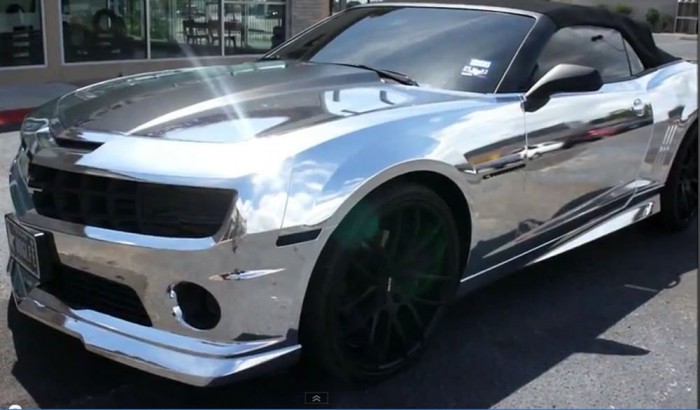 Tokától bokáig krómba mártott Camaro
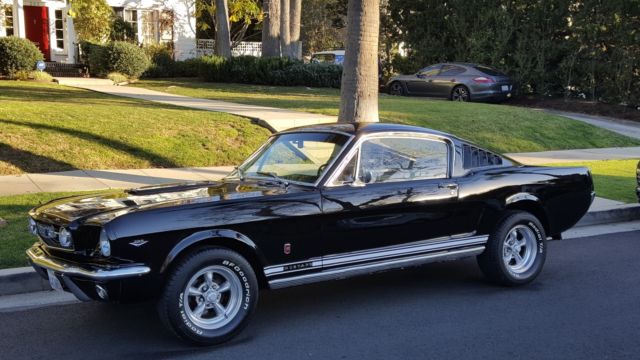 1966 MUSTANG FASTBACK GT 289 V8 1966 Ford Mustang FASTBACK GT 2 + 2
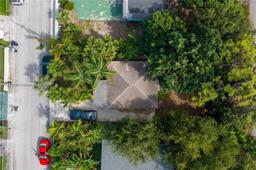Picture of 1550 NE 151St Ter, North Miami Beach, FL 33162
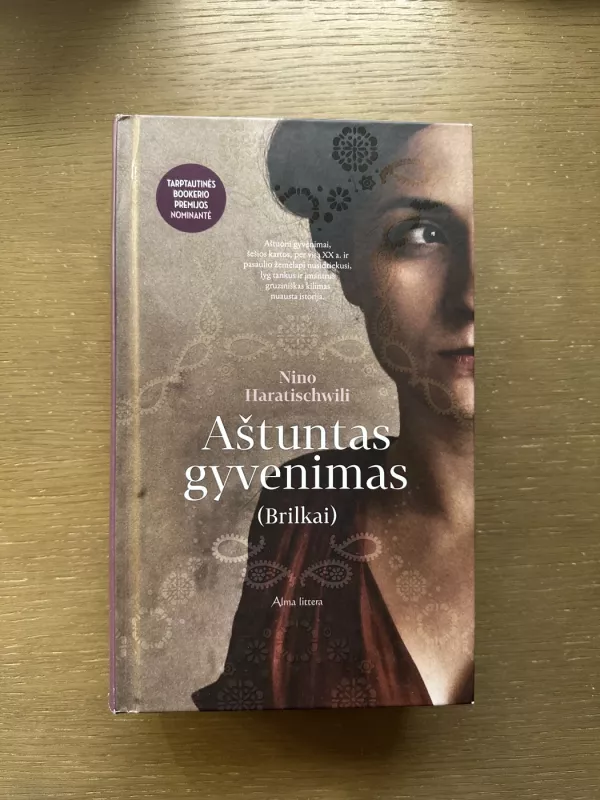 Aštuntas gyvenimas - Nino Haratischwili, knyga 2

*WORK REQUIRED:* Transcribe every line from the one containing "1966 MUSTANG FASTBACK" to the end of the listing, exactly and exclusively. Do not carry any picture over.

*OUTPUT OF THE EXERCISE:*
 1966 MUSTANG FASTBACK GT 289 V8 1966 Ford Mustang FASTBACK GT 2 + 2
Picture of 1550 NE 151St Ter, North Miami Beach, FL 33162
 Aštuntas gyvenimas - Nino Haratischwili, knyga 2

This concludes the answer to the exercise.